Having grown up working on his family’s farm, Chris Edwards had some familiarity with how to make a crop in a low-moisture environment, but when he took over management of that farm three years ago, his wheat yields and profitability had hit a wall – he needed some advice on how to move the needle again and wasn’t sure where to start.

“There was a yield plateau where we just couldn’t get more than 60 bushels,” Edwards said.  “Even on the wettest years, we’d get 60, maybe 65.  I just wasn’t comfortable going out my first year and doing it without some guidance.”

Chris’s father, Mike, suggested that they sit down and have a discussion with Dave Dye, their local Hefty Agronomist out of the nearby location in Quincy, WA.

When every farm has unique challenges, it is essential to find the right solutions in terms of both agronomy and return on investment specific to the needs of the individual farm.  Helping farmers to learn why and how to cost-effectively solve yield and crop health problems is a key tenet to how Hefty’s does business.

“I see it as more of a partnership than where I just show up and take an order,” Dye said.  “I don’t like to tell somebody to just go and do X, Y, and Z.  I want them to know why I recommend what I do.  Chris really feeds off of that.”

When Chris sat down with Dave to discuss methods to make his farm more profitable, a big focus was on making sure the crop received adequate fertility and protection throughout the season.  Soil sampling more strategically and more frequently, applying foliar fertility, and mixing fungicides with those applications became the first priorities.

Throughout this process, the important element to keep top of mind is always return in investment.  You can spend a lot of money to build a healthy crop, but everything has to pay at harvest.

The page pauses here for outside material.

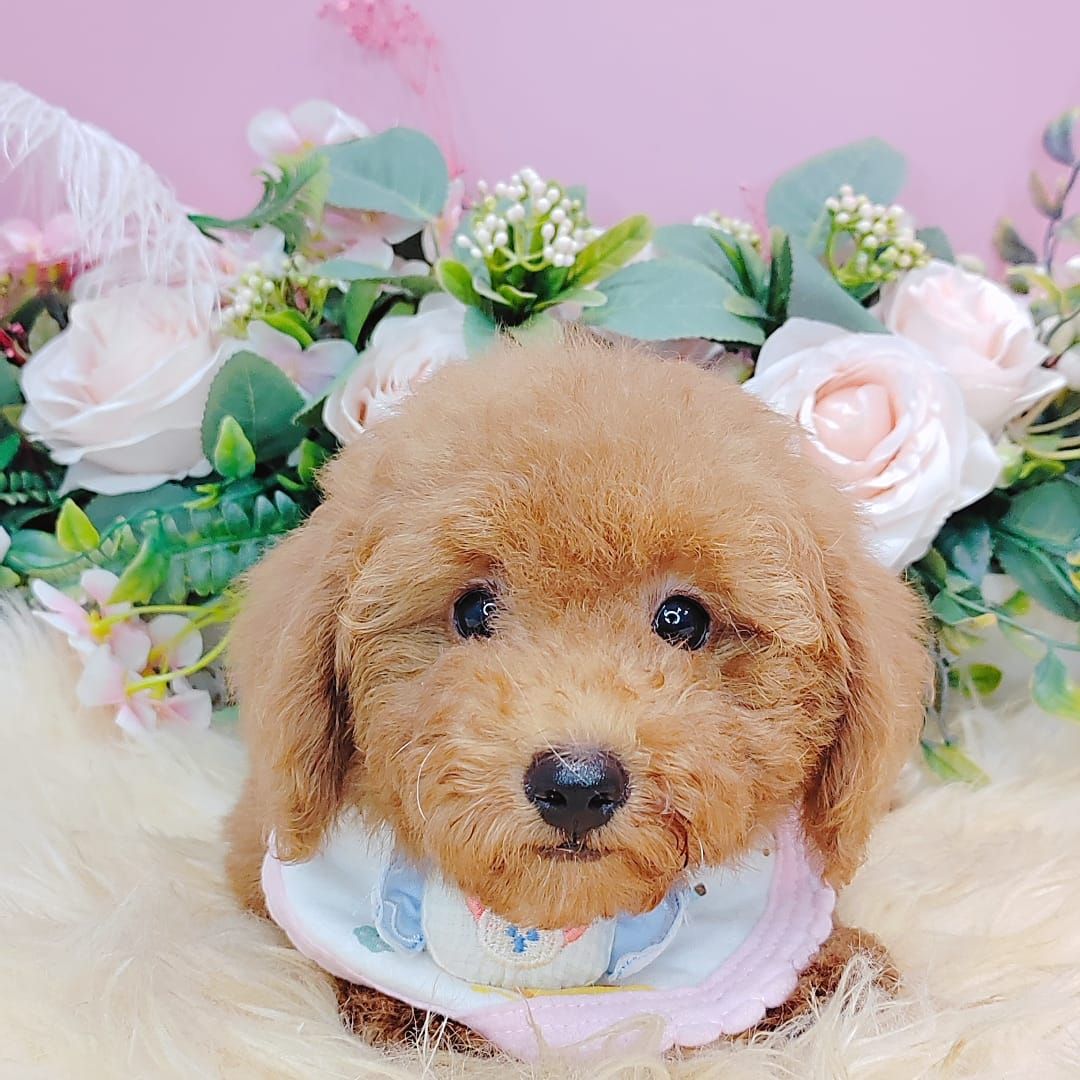  Poodle 娉拌开璐靛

“Dave strives for a 3-to-1 return on investment,” Chris said.  “If he doesn’t believe you’re going to get back at least that, he’s not going to recommend it.  That’s huge for me.  Using fungicides for disease protection and applying foliar fertility have been fantastic as far as protecting my plants’ health – not only that, but also bringing money back into my pocket.”

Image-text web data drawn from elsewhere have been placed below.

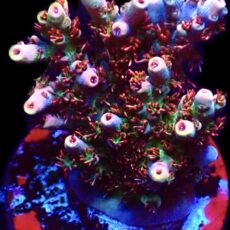 WYSIWYG 21G Dragon's Breath Acropora Frag Large   ***NEW***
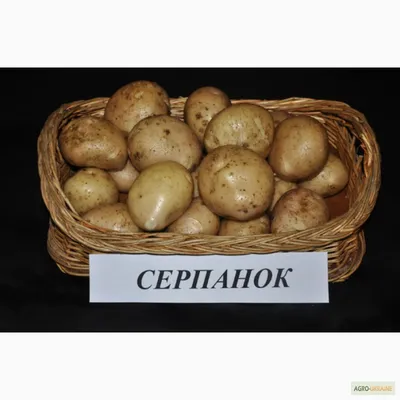 Продам/купить картофель Тоскана, Серпанок, Ароза с чернозема на посадку —  Agro-Ukraine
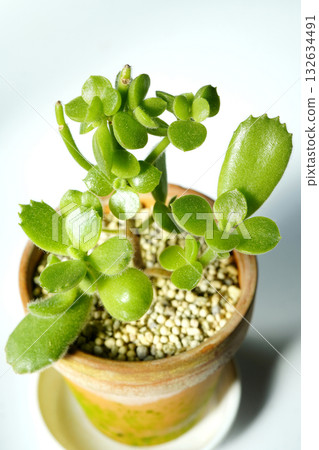 在熱浪中落光葉子後，它長出了新的圓形葉片，這或許是回歸根系的表現？ 「熊童子多肉植物」…2 132634491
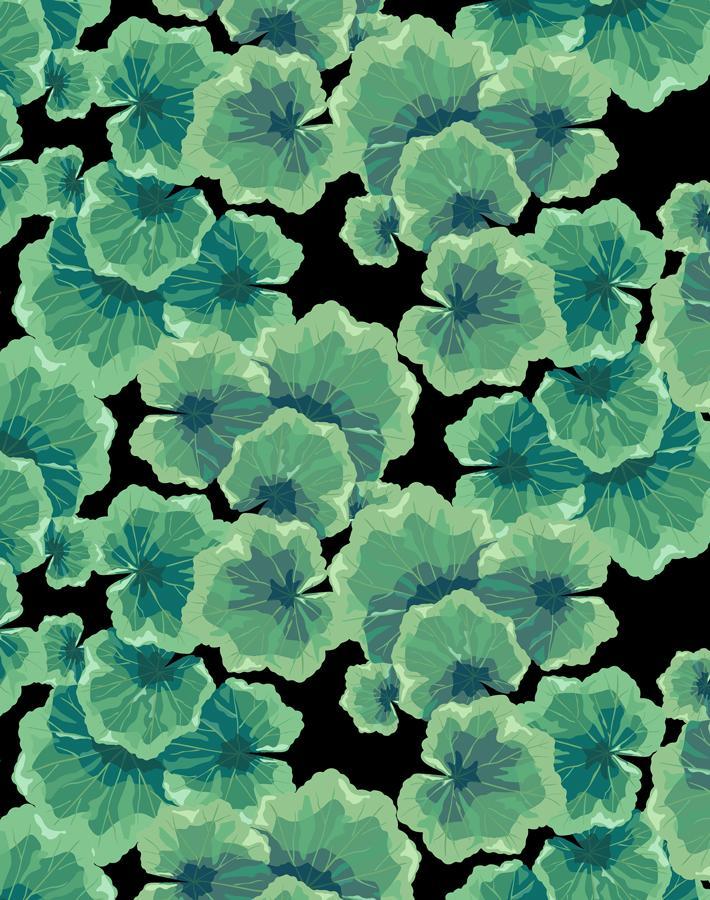 geranium leaves onyx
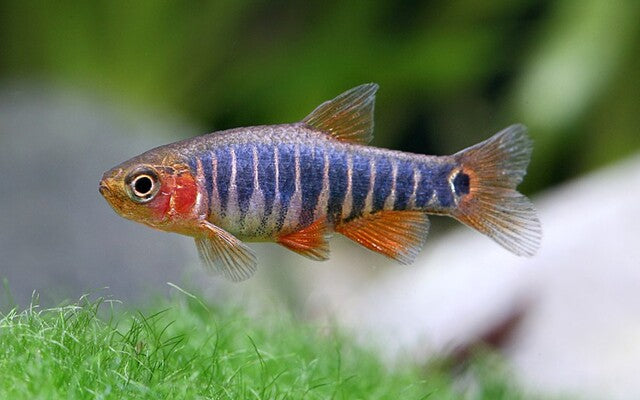 Danio Erythromicron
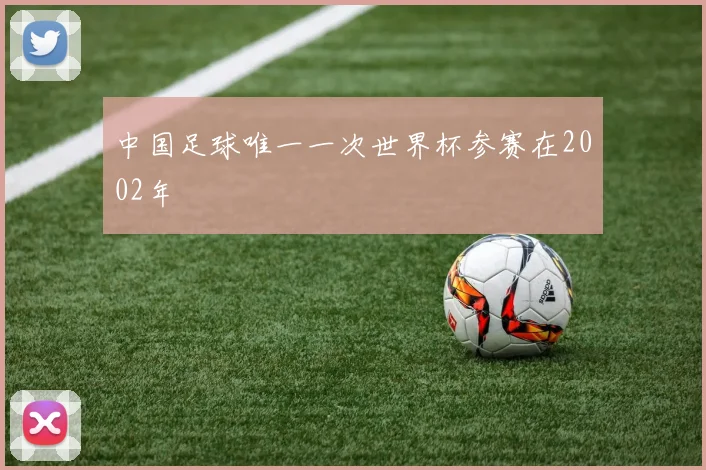中国足球唯一一次世界杯参赛在2002年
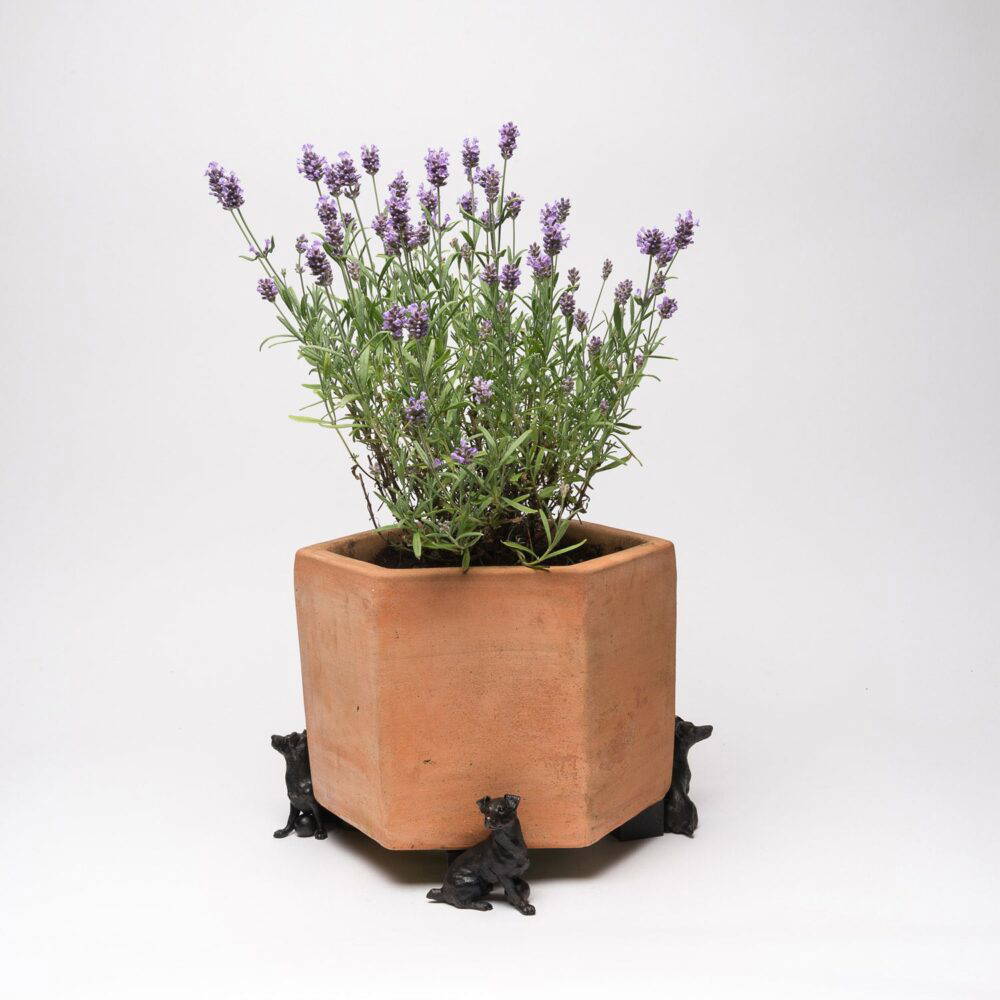 Jack Russell Terrier Plant Pot Feet - Set of 3 - Image 8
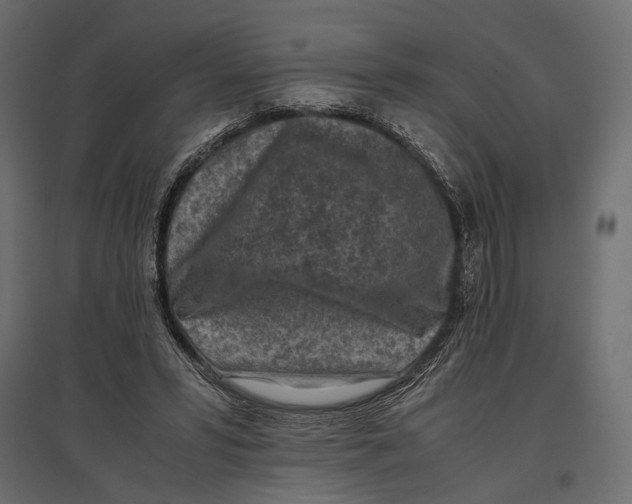 X0000096980399200803071034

After he started working with Hefty’s, Chris also began attending Ag PhD workshops to reinforce learning the reasons behind why he and Dave were making changes on his farm.  Understanding the value of balanced soil fertility and cultural management practices have further helped with moisture conservation, which is essential for continuing to push yield in his geography.

“The way we farm out here, we didn’t like stubble because drills couldn’t get through it – we just pounded the ground with tillage tools,” Edwards said.  “It was an eye-opener to me that stubble needs to be there to conserve nutrients and water.  I switched to no-till when I learned that when you don’t work your ground, you immediately save almost four inches of moisture.  That’s a huge deal for us here.”

The combination of enhanced fungicide application, fertility management, and moisture conservation have made a significant difference in terms of yield and profitability on the Edwards farm, breaking his old 60-bushel ceiling.

“I’ve now had fields that have bumped the 80-bushel mark, so that’s huge on our non-irrigated ground in this part of Washington,” Edwards said.  “And Dave and I are working on some plans for us to be able to grow 60 bushels in the driest of years, not the wettest.  There are some areas of fields that are still non-productive, and we’re working on building our soil organic matter to restore the ground.”

As Chris continues to push for greater returns on his farm investments, Hefty Agronomist Dave Dye will remain a year-round source of information for the Edwards farm, there to guide Chris through his soil tests and walk fields with him to help diagnose diseases, deficiencies, and more.

“When the time comes, we’ll get on the four-wheeler and ride every field together,” Chris said.  “If he sees something out there, we’ll sit down, and he will explain to the best of his knowledge what’s happening.  Dave has gone above and beyond the call of duty for my farm.  If I need something, he’s just there.  He’s a great guy to work with and really invested in the success of our farm.”